Comparisons and conversions of dates are performed with an xslt extension to the xalan xslt engine. The IntDateCompare class matches impedances between IBM's International Calendars for Java and xalan.

The project includes a schema and transformations for XHTML 1.0 documents which may include heml:Event elements within blocks of text. (XHTML is HTML expressed in valid XML.) The heml:Event element here is meant as an historical signpost for the reader. This XHTML profile is suited for:

When viewed with an XHTML-savvy web broswer -- such as Mozilla or Internet Explorer, Konqueror or Opera -- the raw XHTML+HEML document appears as a normal web page. However, when it is passed through the 0.5.6 Heml webapp, a sidebar is appended to the document, with links to the maps and timelines corresponding to the events included in the document. The events themselves are represented in-line by a blue 'H'. Mousing over this brings up the date and label of the event, as well as a link to a map, if appropriate. Upon clicking on the 'H', a popup window appears listing participants, references, etc. for this event.

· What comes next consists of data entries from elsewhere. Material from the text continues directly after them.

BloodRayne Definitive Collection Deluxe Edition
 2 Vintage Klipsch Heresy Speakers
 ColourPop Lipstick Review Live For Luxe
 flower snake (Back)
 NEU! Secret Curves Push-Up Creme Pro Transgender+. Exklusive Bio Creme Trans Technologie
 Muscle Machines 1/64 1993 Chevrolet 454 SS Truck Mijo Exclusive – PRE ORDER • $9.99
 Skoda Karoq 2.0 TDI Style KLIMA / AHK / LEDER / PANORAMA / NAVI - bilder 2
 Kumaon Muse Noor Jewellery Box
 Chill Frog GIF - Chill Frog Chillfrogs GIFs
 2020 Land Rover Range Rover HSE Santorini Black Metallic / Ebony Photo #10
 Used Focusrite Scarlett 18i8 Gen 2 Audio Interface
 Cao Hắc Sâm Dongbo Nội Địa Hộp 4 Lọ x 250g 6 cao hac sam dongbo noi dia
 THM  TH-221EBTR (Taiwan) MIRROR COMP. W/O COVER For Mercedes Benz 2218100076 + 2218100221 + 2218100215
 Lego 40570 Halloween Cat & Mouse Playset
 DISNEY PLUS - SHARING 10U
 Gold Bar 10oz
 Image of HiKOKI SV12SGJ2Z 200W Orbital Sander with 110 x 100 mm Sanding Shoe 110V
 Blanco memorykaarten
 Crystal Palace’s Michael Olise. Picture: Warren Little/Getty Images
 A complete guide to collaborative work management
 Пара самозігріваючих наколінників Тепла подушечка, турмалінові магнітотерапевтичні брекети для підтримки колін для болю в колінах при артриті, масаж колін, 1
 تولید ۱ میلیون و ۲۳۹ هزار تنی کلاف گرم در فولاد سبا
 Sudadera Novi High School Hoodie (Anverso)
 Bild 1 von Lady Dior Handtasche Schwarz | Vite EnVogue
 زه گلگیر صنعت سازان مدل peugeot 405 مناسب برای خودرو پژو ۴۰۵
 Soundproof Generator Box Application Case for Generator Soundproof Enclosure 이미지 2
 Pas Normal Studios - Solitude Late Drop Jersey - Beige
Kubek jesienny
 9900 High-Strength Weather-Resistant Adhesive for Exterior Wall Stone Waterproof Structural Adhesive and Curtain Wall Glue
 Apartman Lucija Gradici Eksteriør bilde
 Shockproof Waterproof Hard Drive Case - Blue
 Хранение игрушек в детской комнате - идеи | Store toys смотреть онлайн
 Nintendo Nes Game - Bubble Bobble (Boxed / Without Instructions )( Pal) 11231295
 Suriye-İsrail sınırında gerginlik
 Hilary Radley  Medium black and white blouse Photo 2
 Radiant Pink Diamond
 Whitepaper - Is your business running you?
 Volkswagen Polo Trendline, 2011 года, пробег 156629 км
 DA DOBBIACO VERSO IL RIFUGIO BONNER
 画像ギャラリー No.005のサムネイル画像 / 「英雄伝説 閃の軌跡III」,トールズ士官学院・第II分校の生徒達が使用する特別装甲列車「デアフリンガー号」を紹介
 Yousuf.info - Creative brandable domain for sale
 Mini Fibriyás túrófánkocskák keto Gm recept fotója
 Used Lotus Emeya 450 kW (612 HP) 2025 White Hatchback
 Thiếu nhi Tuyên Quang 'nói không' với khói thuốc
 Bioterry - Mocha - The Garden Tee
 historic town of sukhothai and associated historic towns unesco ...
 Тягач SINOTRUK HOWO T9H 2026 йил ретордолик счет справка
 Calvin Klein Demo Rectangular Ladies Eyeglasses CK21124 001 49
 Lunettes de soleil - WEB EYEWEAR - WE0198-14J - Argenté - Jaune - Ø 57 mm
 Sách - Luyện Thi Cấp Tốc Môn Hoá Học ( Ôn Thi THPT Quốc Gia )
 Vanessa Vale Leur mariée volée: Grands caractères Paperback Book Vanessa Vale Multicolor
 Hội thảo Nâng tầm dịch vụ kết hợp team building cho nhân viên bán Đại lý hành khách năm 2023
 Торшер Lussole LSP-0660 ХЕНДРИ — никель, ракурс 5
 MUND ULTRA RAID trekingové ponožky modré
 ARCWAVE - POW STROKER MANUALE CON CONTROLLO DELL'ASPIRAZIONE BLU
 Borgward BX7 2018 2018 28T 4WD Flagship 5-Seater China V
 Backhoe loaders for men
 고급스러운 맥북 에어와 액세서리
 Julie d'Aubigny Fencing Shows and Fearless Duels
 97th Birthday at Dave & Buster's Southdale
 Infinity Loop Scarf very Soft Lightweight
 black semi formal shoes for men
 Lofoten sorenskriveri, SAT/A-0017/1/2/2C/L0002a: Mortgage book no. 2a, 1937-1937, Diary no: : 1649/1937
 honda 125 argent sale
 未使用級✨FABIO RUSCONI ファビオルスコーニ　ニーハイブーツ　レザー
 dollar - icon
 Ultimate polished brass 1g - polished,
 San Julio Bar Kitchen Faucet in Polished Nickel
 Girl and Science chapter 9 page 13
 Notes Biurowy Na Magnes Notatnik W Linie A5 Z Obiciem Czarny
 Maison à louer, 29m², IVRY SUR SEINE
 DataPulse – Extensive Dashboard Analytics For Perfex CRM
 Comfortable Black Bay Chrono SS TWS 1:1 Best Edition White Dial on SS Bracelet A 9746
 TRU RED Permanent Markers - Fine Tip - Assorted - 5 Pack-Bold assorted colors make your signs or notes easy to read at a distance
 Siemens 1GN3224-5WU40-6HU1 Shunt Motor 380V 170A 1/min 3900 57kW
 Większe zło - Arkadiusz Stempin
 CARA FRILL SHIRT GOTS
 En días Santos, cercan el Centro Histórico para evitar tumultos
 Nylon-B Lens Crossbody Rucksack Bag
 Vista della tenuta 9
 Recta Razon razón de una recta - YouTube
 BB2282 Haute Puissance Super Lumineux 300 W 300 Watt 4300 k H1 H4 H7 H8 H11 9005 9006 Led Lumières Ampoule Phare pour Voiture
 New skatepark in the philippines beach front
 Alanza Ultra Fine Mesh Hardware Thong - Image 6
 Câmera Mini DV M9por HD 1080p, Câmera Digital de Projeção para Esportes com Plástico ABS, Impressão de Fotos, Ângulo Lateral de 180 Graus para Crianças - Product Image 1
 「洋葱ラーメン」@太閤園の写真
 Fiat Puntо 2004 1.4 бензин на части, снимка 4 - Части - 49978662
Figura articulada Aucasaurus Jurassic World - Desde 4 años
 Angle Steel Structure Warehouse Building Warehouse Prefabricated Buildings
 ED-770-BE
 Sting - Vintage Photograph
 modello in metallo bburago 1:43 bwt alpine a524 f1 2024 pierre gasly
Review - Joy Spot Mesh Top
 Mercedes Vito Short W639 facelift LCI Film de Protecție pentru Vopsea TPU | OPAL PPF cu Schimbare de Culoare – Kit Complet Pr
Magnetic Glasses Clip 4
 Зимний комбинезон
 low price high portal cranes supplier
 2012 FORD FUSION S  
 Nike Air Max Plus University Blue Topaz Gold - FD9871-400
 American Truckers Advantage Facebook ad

Existing web pages can be retrofitted with Heml events thus:

  1. Convert HTML web page to XHTML using tidy. This command converts FILE_IN.html and saves the result as FILE_OUT.xhtml:
    tidy -asxml -n -o FILE_OUT.xhtml FILE_IN.html 
  2. Add namespace declarations for heml, geo and xlink to the <html> element:
    <html xmlns="http://www.w3.org/1999/xhtml" 
    xmlns:xlink="http://www.w3.org/1999/xlink" 
    xmlns:heml="http://www.heml.org/schemas/2003-09-17/heml" 
    xmlns:geo="http://www.w3.org/2003/01/geo/wgs84_pos#"
    >
    If you wish to validate your xhtml+heml document, you will also need to provide the schema location:
    <html xmlns="http://www.w3.org/1999/xhtml" 
    xmlns:xlink="http://www.w3.org/1999/xlink" 
    xmlns:heml="http://www.heml.org/schemas/2003-09-17/heml" 
    xmlns:geo="http://www.w3.org/2003/01/geo/wgs84_pos#"
    xmlns:xsi="http://www.w3.org/2001/XMLSchema-instance" 
    xsi:schemaLocation="http://www.w3.org/1999/xhtml 
    http://heml.mta.ca/Schemas/2003-09-17/xhtml+heml.xsd"
    >
  3. Add definitions of Persons, Locations, Keywords, etc. in a heml:Definitions element, within the xhtml:head element.
     <heml:Definitions>
      <heml:LocationDefinitions>
        <heml:Location uri="#bonn">
          <heml:LocationLabelSet>
            <heml:Label xml:lang="en" >Bonn</heml:Label>
          </heml:LocationLabelSet>
          <geo:Point>
            <geo:lat>7.0666666666</geo:lat>
            <geo:long>50.733333333</geo:long>
          </geo:Point>
        </heml:Location>
        <-- Further definitions continue here ...  -->
    
    
  4. Add Heml events where text usually appears:
    <b>He was born in the German town of Bonn</b> 
    on the 16th of December 1770.
      <heml:Event xmlns:heml="http://www.heml.org/schemas/2003-09-17/heml"
         ="#beethoven_born">
        <heml:EventLabelSet>
          <heml:Label xml:lang="en">Beethoven Born</heml:Label>
        </heml:EventLabelSet>
        <heml:Chronology>
          <heml:Date>1770-12-16</heml:Date>
        </heml:Chronology>
        <heml:LocationRef uriRef="#bonn"/>
      </heml:Event>
    His grandfather Ludwig and his father Johann were
    both musicians.
    
  5. Check the document for validity and/or well-formedness.
  6. Test out your XHTML+HEML document by passing it through the Heml server. If your document is published on the web at http://mycompany.com/mydocument.xhtml, you can look at a transformed version at the URL: http://heml.mta.ca/heml-cocoon/text.html?url=http://mycompany.com/mydocument.xhtml. When using the Heml webapp as a proxy server in this way, the transformation is quite slow because the webapp does not cache any resources. For long-term use, download the webapp and install your documents on a local filesystem.

A future version of Heml will include the concepts of chronological or chronographic uncertainty, relative offsets and recurring classes of events, such as the coronation of a line of kings.